If a galvanometer has full scale deflection current `I_(g)` and resistance G. A shunt resistance `R_(A)` is used to convert it into an ammeter of range `I_(o)` and a resistance `R_(V)` is connected in series to convert it into a voltmeter of range `V_(0)` such that `V_(0)=I_(0)G` then `R_(A)R_(V)` and `(R_(A))/(R_(V))` respectively are:

To solve the problem, we need to derive the expressions for the shunt resistance \( R_A \) and the series resistance \( R_V \) used to convert a galvanometer into an ammeter and a voltmeter, respectively. ### Step 1: Understanding the Galvanometer to Ammeter Conversion When converting a galvanometer to an ammeter, a shunt resistance \( R_A \) is connected in parallel with the galvanometer.

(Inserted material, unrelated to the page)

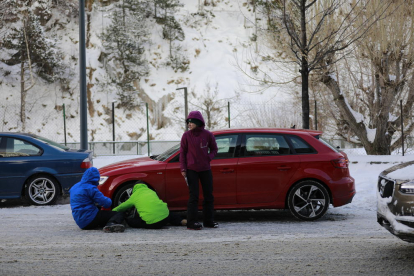 Turistes i residents equipant els seus vehicles per la neu acumulada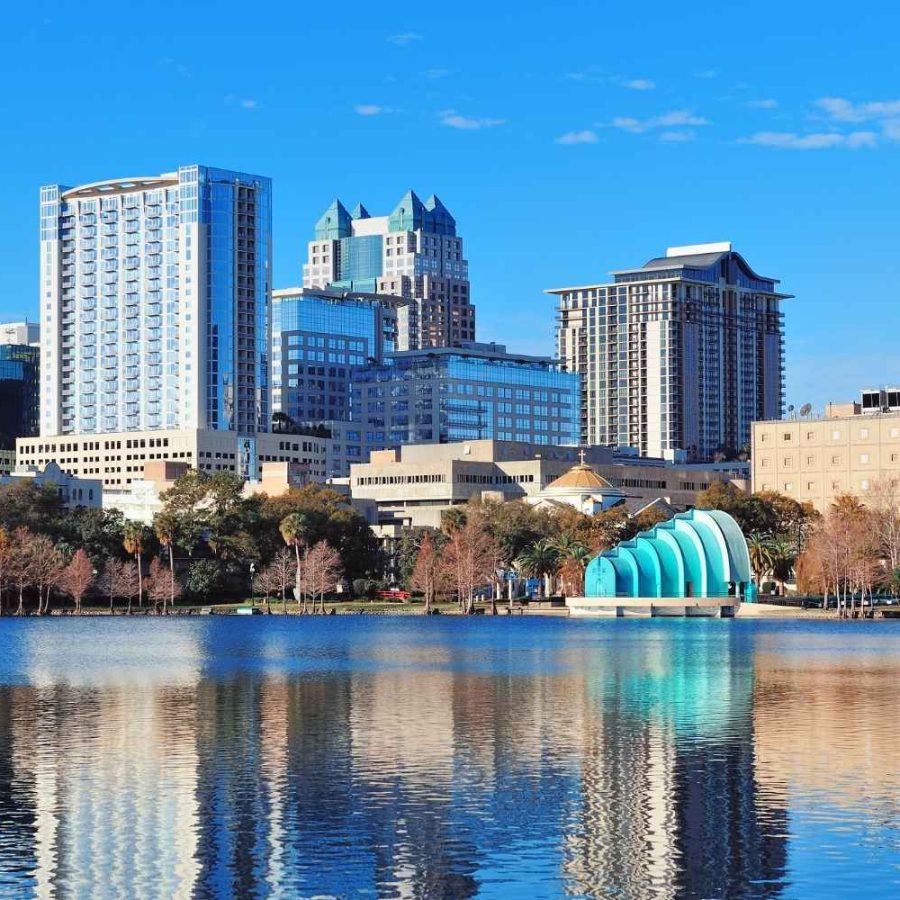 La silueta de la ciudad se ve reflejada en el agua, mostrando un contraste entre lo urbano y lo natural.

The full-scale deflection current of the galvanometer is \( I_G \), and the range of the ammeter is \( I_0 \). Using the current division rule, we can write: \[ I_0 = I_G + I_S \] Where \( I_S \) is the current through the shunt. The voltage across the galvanometer and the shunt is the same, so we can express the relationship as: \[ I_G \cdot G = I_S \cdot R_A \] Substituting \( I_S = I_0 - I_G \) into the equation gives: \[ I_G \cdot G = (I_0 - I_G) \cdot R_A \] Rearranging this equation, we can express \( R_A \): \[ R_A = \frac{I_G \cdot G}{I_0 - I_G} \] ### Step 2: Understanding the Galvanometer to Voltmeter Conversion For the conversion of a galvanometer to a voltmeter, a resistance \( R_V \) is connected in series with the galvanometer. The output voltage \( V_0 \) is given by: \[ V_0 = I_G \cdot (G + R_V) \] According to the problem, we have: \[ V_0 = I_0 \cdot G \] Substituting this into the voltmeter equation gives: \[ I_0 \cdot G = I_G \cdot (G + R_V) \] Rearranging this equation allows us to express \( R_V \): \[ R_V = \frac{I_0 \cdot G}{I_G} - G \] ### Step 3: Finding the Product \( R_A R_V \) Now, we can find the product \( R_A R_V \): \[ R_A R_V = \left( \frac{I_G \cdot G}{I_0 - I_G} \right) \left( \frac{I_0 \cdot G}{I_G} - G \right) \] Simplifying this expression: 1. Substitute \( R_V \): \[ R_V = \frac{I_0 G - I_G G}{I_G} = \frac{(I_0 - I_G) G}{I_G} \] 2. Now substituting \( R_V \) into the product: \[ R_A R_V = \frac{I_G \cdot G}{I_0 - I_G} \cdot \frac{(I_0 - I_G) G}{I_G} \] 3. The \( I_G \) terms cancel out: \[ R_A R_V = G^2 \] ### Step 4: Finding the Ratio \( \frac{R_A}{R_V} \) Now, we find the ratio \( \frac{R_A}{R_V} \): \[ \frac{R_A}{R_V} = \frac{\frac{I_G \cdot G}{I_0 - I_G}}{\frac{(I_0 - I_G) G}{I_G}} = \frac{I_G^2}{(I_0 - I_G)^2} \] ### Final Results Thus, we have: 1. \( R_A R_V = G^2 \) 2. \( \frac{R_A}{R_V} = \frac{I_G^2}{(I_0 - I_G)^2} \)